It seems difficult some days to get what are typically referred to as the “media” to agree on whether the sun rose from the east or the west, so different are our perspectives.
Kirk LaPointe
Kirk LaPointe. Photo Jenelle Schneider/Vancouver Sun

It seems difficult some days to get what are typically referred to as the “media” to agree on whether the sun rose from the east or the west, so different are our perspectives.

Upon one point, though, there is large-scale agreement with only minor dissent: Donald Trump poses the largest democratic threat in memory to the craft of journalism.
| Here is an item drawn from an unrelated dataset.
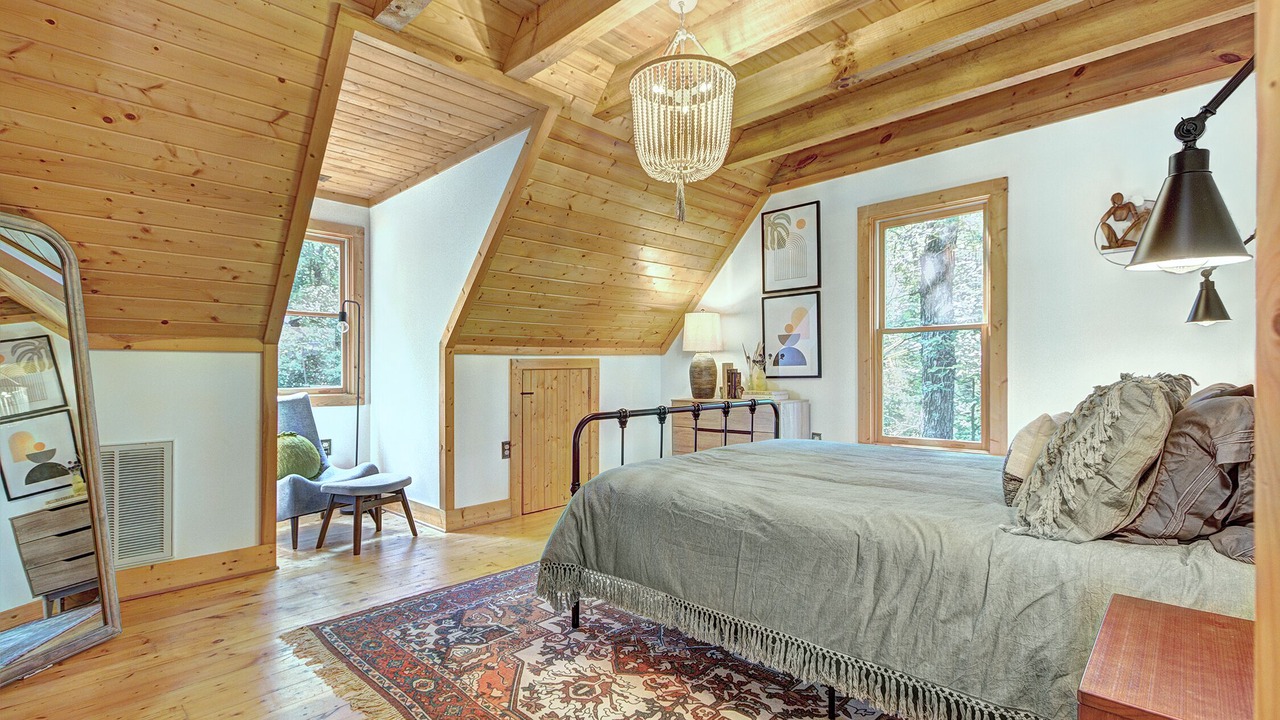 Photo of Bedroom in Lake Toxaway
Journalism, most days, is less of a job than a service. It houses less of an agenda than its detractors theorize; our work is more driven by a determination and an objective of greater transparency and insight. The media’s ambitions are to represent the public as surrogates, as curious and inveterate premium-seat spectators of power, and as voices for those who have not the privilege of seeking answers to important questions.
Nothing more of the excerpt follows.